• Description of the task: All lines from the one that contains "Let's go to" through the close of the entries below are to be repeated exactly, without any pictures.

• Records to process:
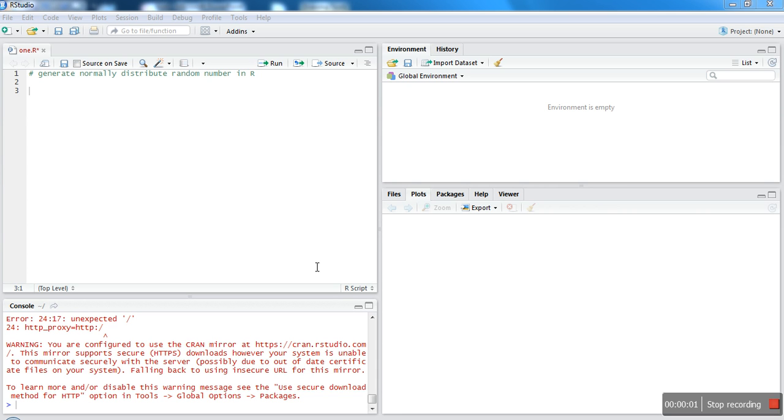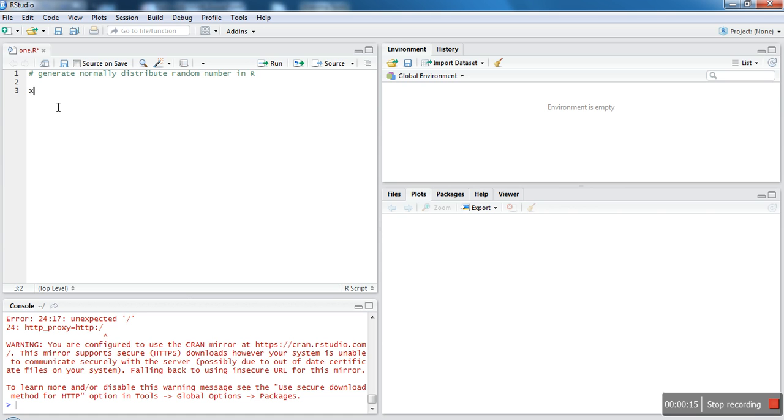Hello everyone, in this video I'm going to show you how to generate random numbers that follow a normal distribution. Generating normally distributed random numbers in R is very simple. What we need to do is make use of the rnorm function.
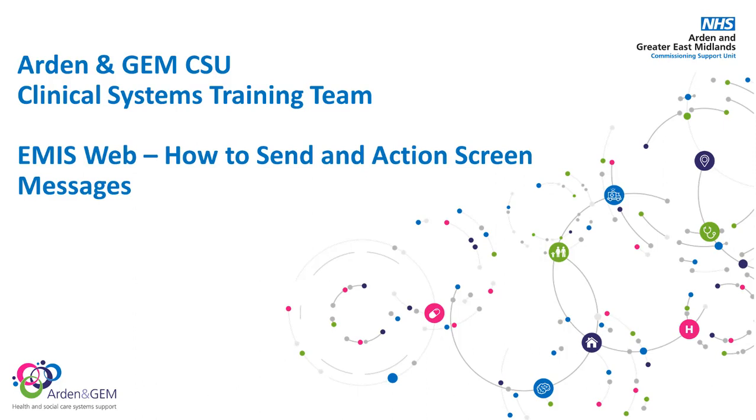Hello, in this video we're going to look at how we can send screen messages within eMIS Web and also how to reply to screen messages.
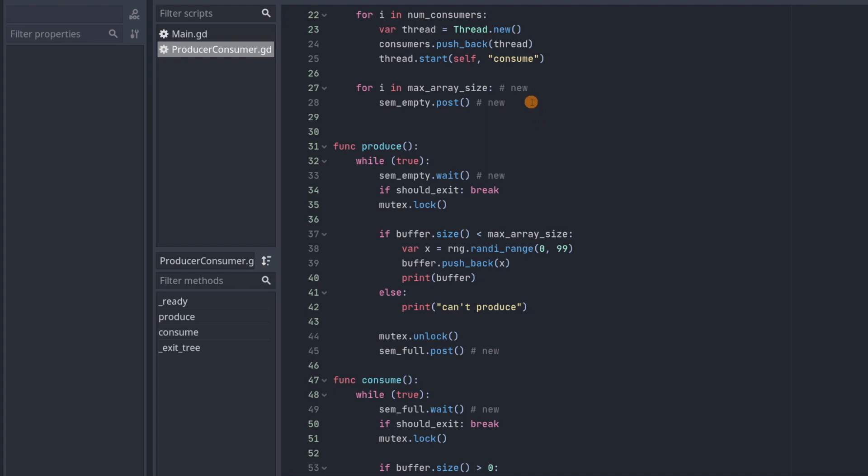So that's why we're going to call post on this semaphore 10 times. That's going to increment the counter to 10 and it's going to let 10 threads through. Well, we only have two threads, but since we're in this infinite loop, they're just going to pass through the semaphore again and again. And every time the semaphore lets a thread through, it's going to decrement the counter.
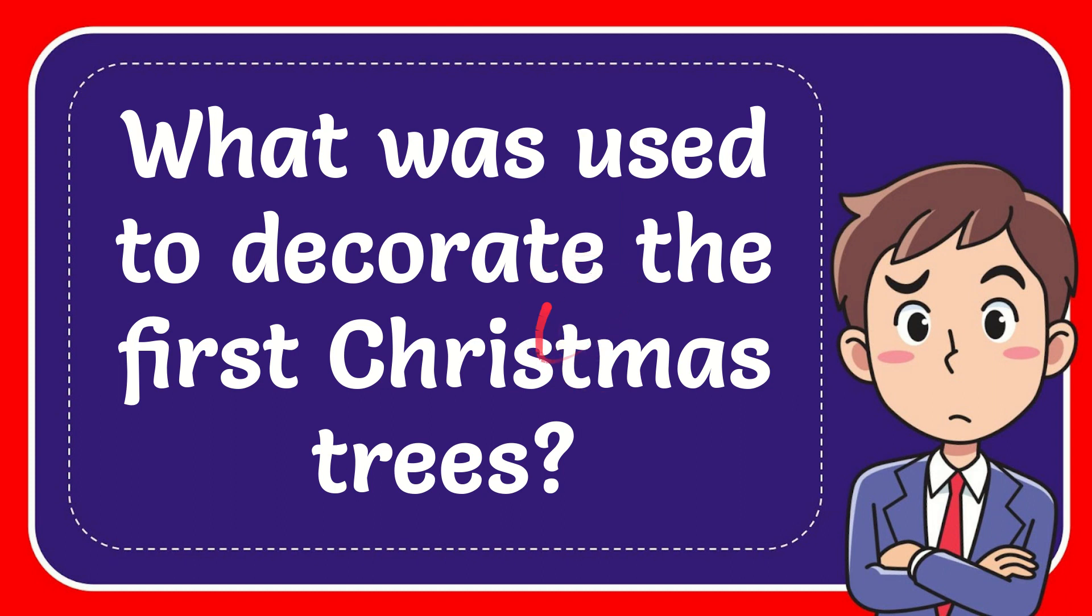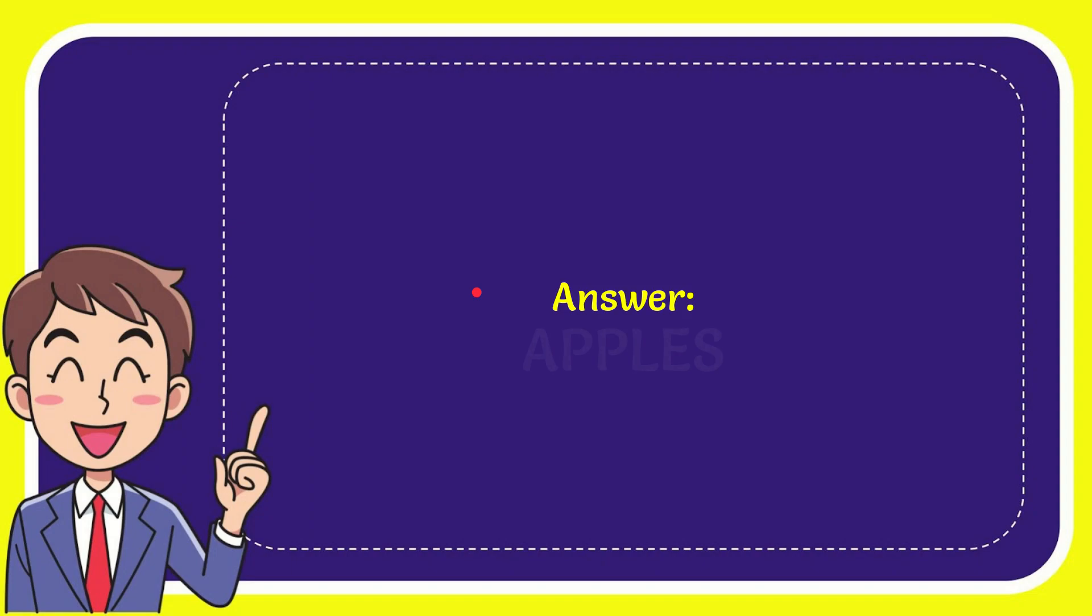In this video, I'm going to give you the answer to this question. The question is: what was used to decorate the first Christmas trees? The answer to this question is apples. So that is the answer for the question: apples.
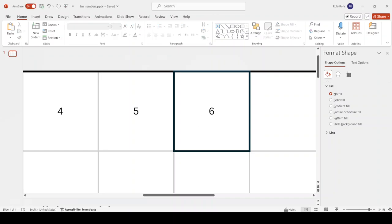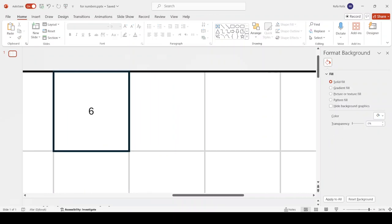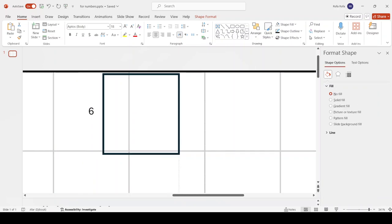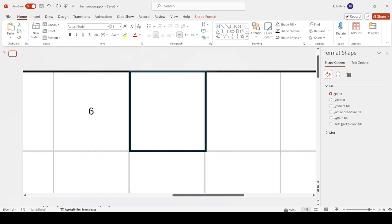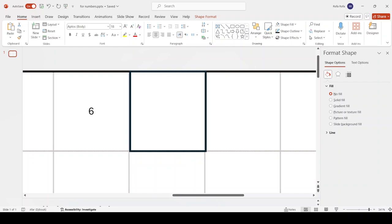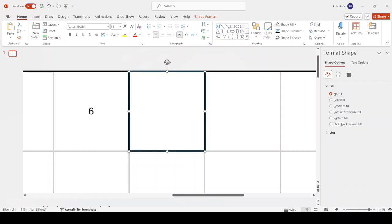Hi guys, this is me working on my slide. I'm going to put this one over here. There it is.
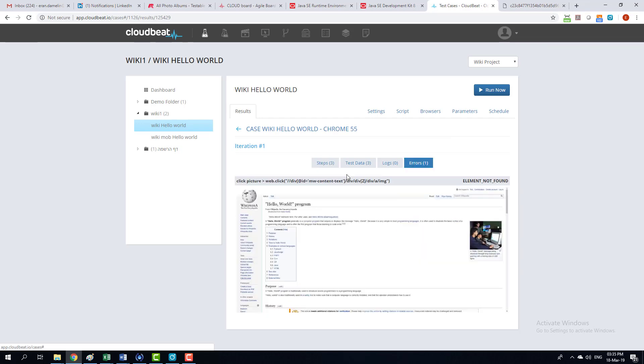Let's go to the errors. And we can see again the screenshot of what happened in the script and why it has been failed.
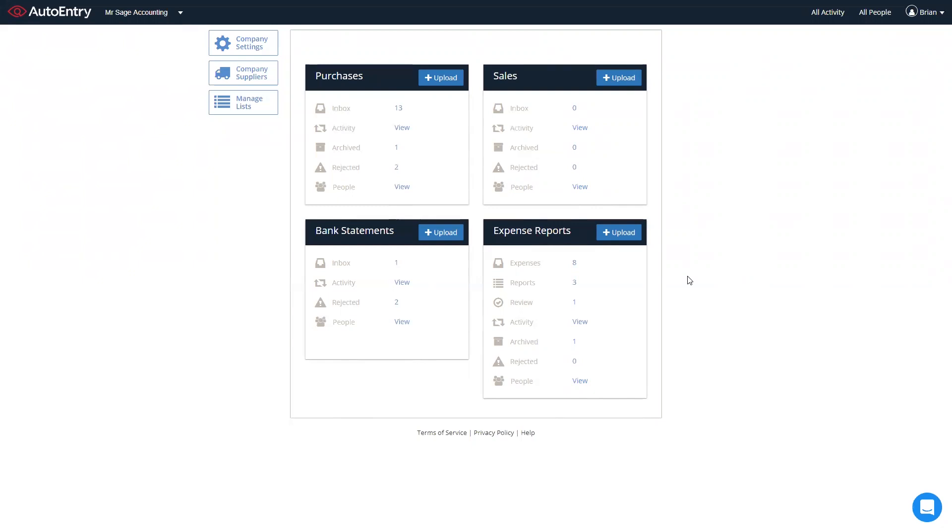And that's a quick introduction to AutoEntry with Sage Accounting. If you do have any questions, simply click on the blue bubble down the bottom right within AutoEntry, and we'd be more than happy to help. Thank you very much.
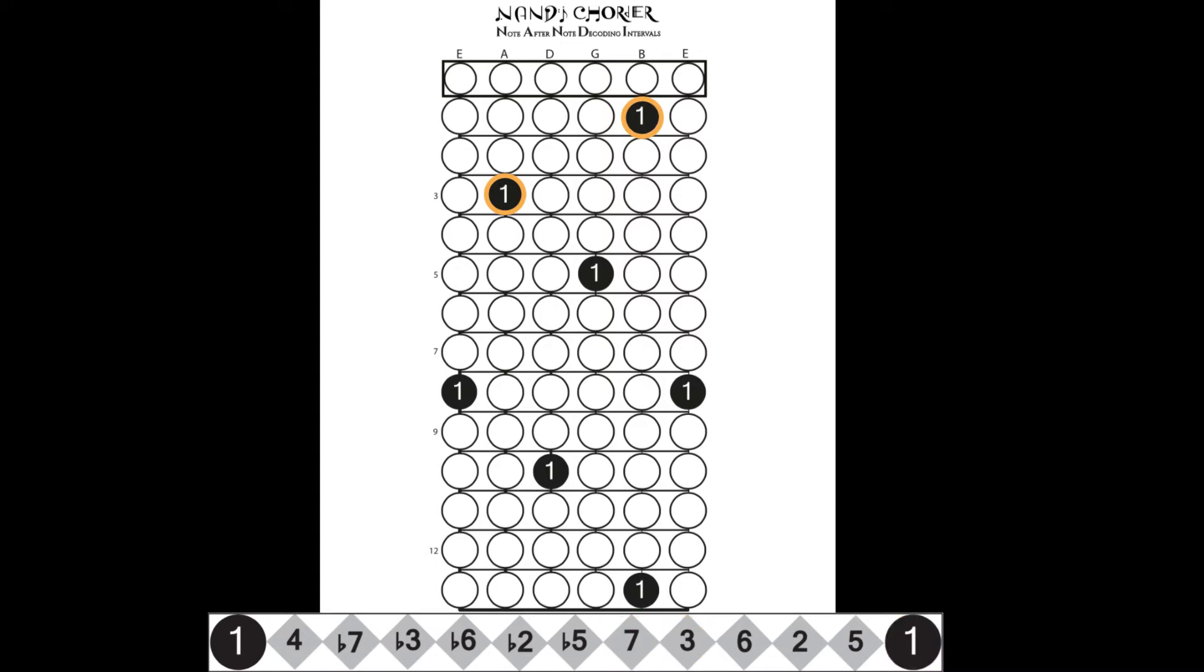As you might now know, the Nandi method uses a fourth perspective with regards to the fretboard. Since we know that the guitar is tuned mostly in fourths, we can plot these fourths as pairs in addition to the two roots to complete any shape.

• Written solution:
Let's go to the errors. And we can see again the screenshot of what happened in the script and why it has been failed.
And that's a quick introduction to AutoEntry with Sage Accounting. If you do have any questions, simply click on the blue bubble down the bottom right within AutoEntry, and we'd be more than happy to help. Thank you very much.
As you might now know, the Nandi method uses a fourth perspective with regards to the fretboard. Since we know that the guitar is tuned mostly in fourths, we can plot these fourths as pairs in addition to the two roots to complete any shape.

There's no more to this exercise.